Manuel Gregorio González

15 de junio 2008 - 05:00

Muerto Rafael Azcona, y pasados ya los previsibles laudes mortuorios, Ediciones del Viento publica la versión revisada de Los ilusos; revisión que Azcona llevó a cabo en los últimos meses de su vida, y que el autor exigió como premisa ineludible para darlo nuevamente a las imprentas. Como el lector no ignora, Los ilusos se publicó a finales de los 50; de modo que la censura entonces obligaba a una parquedad en el decir, a una sujeción en los diálogos, que el Azcona posterior (recuerden La escopeta nacional), sobrepasó ampliamente, dando cabida a la procacidad, a la salacidad, a la incoherencia, y en resumen, a la amplia gama de dislates, insultos y blasfemias que adornan al español cuando se sienta a una mesa. Ese es, probablemente, el aspecto crucial de lo revisado por Azcona. Y ése es, también, el peligro y el riesgo de este singular empeño, pues volver sobre lo escrito es siempre volver a un tiempo y a un lugar desconocidos; y ello por un hombre diferente: aquél que mira ahora lo escrito hace unas décadas.

Sea como fuere, Los ilusos es una excelente novela, en la gran tradición de la tragicomedia española. No en vano, esta edición viene ilustrada por Mingote, en su vertiente más áspera y castiza, y cuyos favores propiciaron la llegada de Azcona a Madrid, emergido de las brumas logroñesas. En este sentido, es muy posible que Los ilusos tenga algo de autobiografía encubierta, y mucho de evocación amarga de unos años, los años inmediatos de la posguerra, en los que el país se agostaba en la desesperanza, y en los que el Madrid del NODO era la luminaria, la fantasmagoría nocturna con la que soñaron tres generaciones de españoles. Ese Madrid que Azcona retrata aquí en su indudable sordidez, en su vibrante humanidad, conmovedora y escasa, es el mismo que Cela da en Café de artistas, La Colmena y Santa Balbina, 37, gas en cada piso; el mismo que dará, algo más tarde, Martín Santos en su espléndida novela, Tiempo de silencio; o aquél que todavía perdura, bien que aminorado por el desarrollismo, en la obra de Umbral, La noche que llegué al Café Gijón, tan similar a esta de Azcona en muchos aspectos. En todas estas creaciones está la literatura como salvación, como vindicación, como huida (también en los boxeadores y los toreros de Aldecoa y Massats, retratados en su gemebundo desamparo), así como el espejismo de un sueño áureo: la conquista de la capital, los laureles del Parnaso, y el deseo de un esplendor que pasa por Chicote, el vermut y las señoritas fáciles del Pasapoga.
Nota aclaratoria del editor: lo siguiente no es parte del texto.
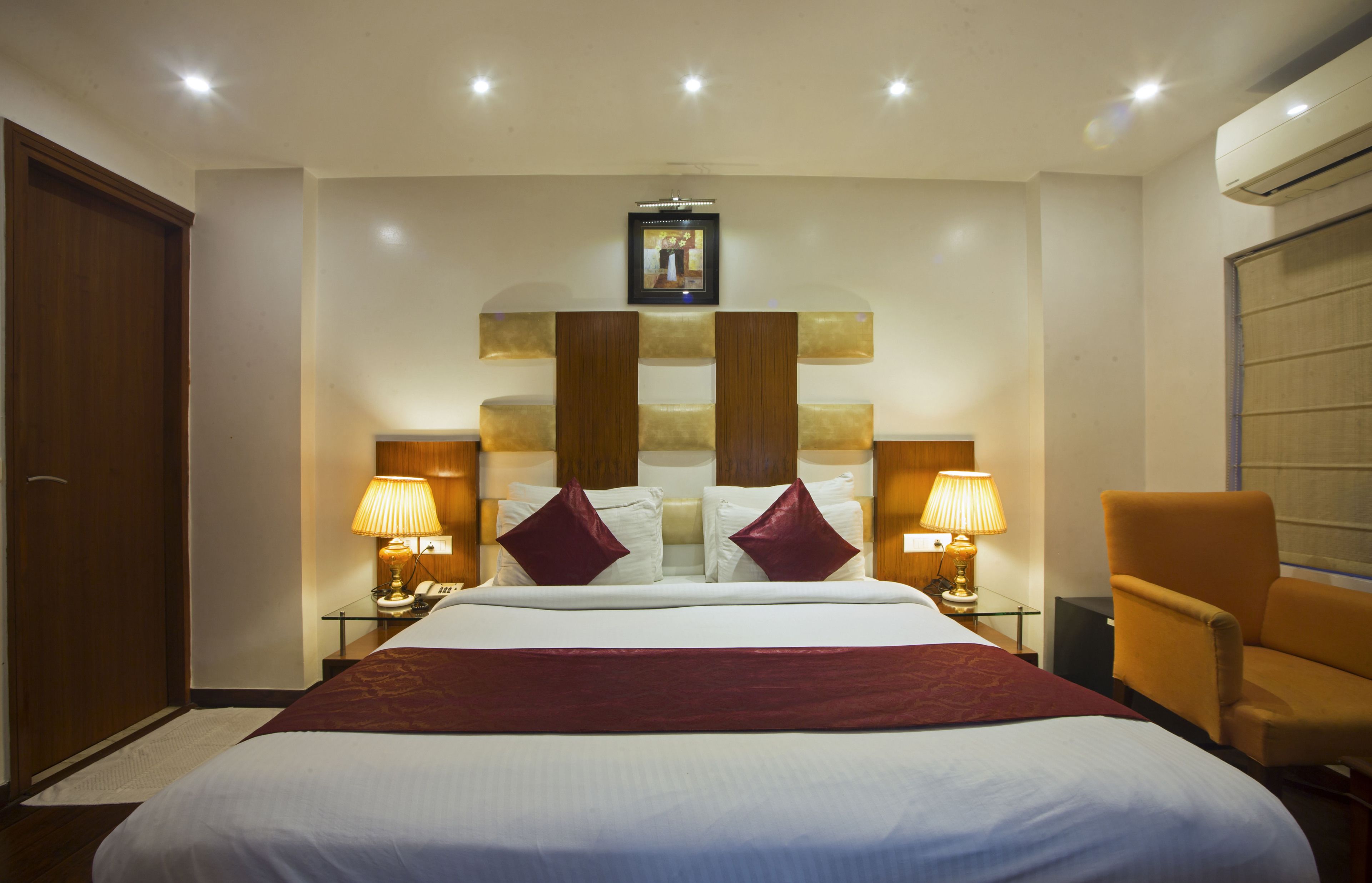 A hotel room with a large bed, two bedside lamps, a wooden headboard, a picture above the bed, and an air conditioning unit.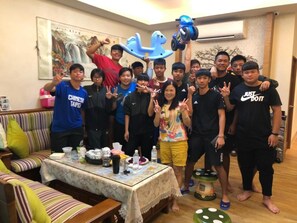 A group of people in a room with a sofa, a table with various items, and a decorative wall piece. - Hexin B&B (Ji'an)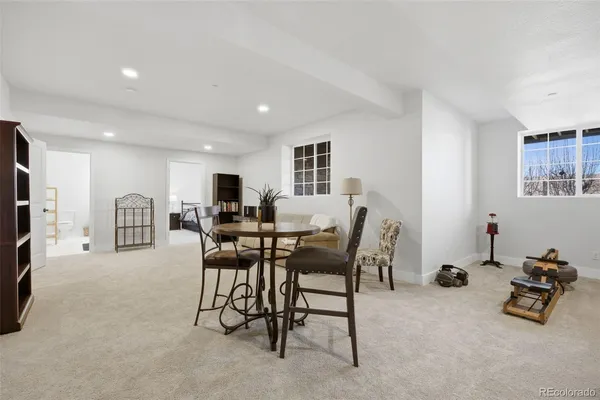 a room with furniture and a flat screen tv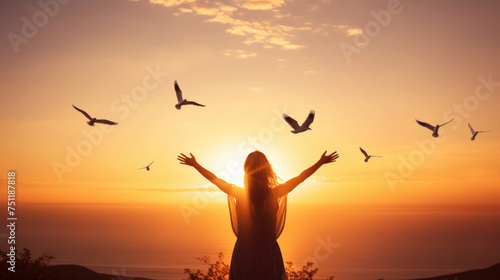 Happy woman with joyful freedom at sunset in summer nature with arms wide open in a flower meadow looking from behind created with Generative AI Technology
Quienes conozcan la obra de Rafael Azcona, ya sabrán que aquí, en Los ilusos, junto a la compasión, alienta el más amargo de los escarnios. El abultado ejército de sablistas y rimadores que ocupan estas páginas, lo son en tanto participan de dos virtudes opuestas: la pertinacia y la inocencia. O lo que es igual, la irresponsabilidad, el desahogo, la impericia -la ilusión y el pasmo de Los ilusos-, más la insistencia en una derrota que ya se prefiguraba incluso antes de salir de su oscura provincia con el mazo de versos bajo el brazo. Así pues, el drama escenificado por Azcona, como antes en Cela y luego en otros, no es más que el de una España a la fuga, que llegaba a la gran ciudad (las fabulosas migraciones de los 50/60), esperando que el aire de Madrid, su acogedora monumentalidad, fuera alimenticia. ¿Sigue vigente esa España cuarteada y ruin, con la contera de los serenos tutelando el alba? Literariamente, sin duda. Azcona, excelente dialoguista, ha sabido incluir todo lo que entonces ya estaba y no se dijo; de modo que aquellas noches Madrid, su turbio tintineo, vuelven a estar pobladas de señoritas tísicas y jóvenes promesas con olor a derrota.